Original Article

Corneal Pathology and Cataract: Combined Surgery or Sequential Surgery?


  • Selma Özbek Uzman
  • Züleyha Yalnız Akkaya
  • Emrah Düzova
  • Evin Şingar
  • Ayşe Burcu

Received Date: 21.04.2020 Accepted Date: 04.07.2020 Turk J Ophthalmol 2021;51(1):1-6


To compare our combined surgery (CS) and sequential surgery (SS) results.

Materials and Methods:

The files of 44 patients who underwent CS (penetrating keratoplasty [PK], cataract extraction, and intraocular lens [IOL] implantation) and 126 patients who underwent SS (cataract extraction and IOL implantation in a second session after PK) between January 2009 and December 2018 were evaluated retrospectively. One eye of the patients who were followed up for at least 1 year was included in the study. The two groups were compared in terms of indications, corrected distance visual acuity (CDVA), refractive results, complications, and graft survival.

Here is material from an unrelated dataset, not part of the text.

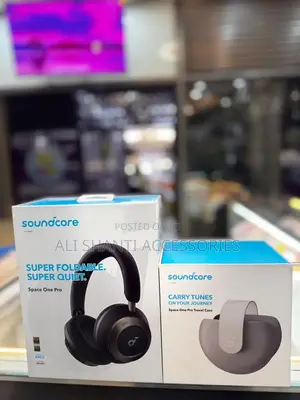 Soundcore Space One Pro + Cover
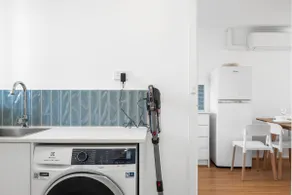 Stylish 2BR Unit in Geelong, Convenient Location - Image 5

In the CS and SS groups, the median age was 63 (30-79) and 43 (18-73) years (p<0.001) and the median follow-up time was 51 (13-152) and 64.5 (13-154) months (p=0.011), respectively. The most common PK indications were traumatic corneal scar (20.5%) and endothelial dystrophy (15.9%) in the CS group versus keratoconus (24.6%) and stroma dystrophy (17.5%) in the SS group. In the CS and SS groups, 50% vs 69% of patients had CDVA ≥0.4 (p=0.04); 45.5% vs 25.4% had CDVA (0.1-0.3) (p=0.04); and 54.5% vs 73% had spherical equivalent ≤±2.0 D (p=0.02). The most common postoperative complications were glaucoma (20.5% vs 15.9%, p=0.48) and allograft reaction (9.1% vs 23%, p=0.04). Graft survival rates were 95.2% vs 86.5% (p=0.10) at 1 year and 75.9% vs 68.9% (p=0.47) at 5 years, respectively.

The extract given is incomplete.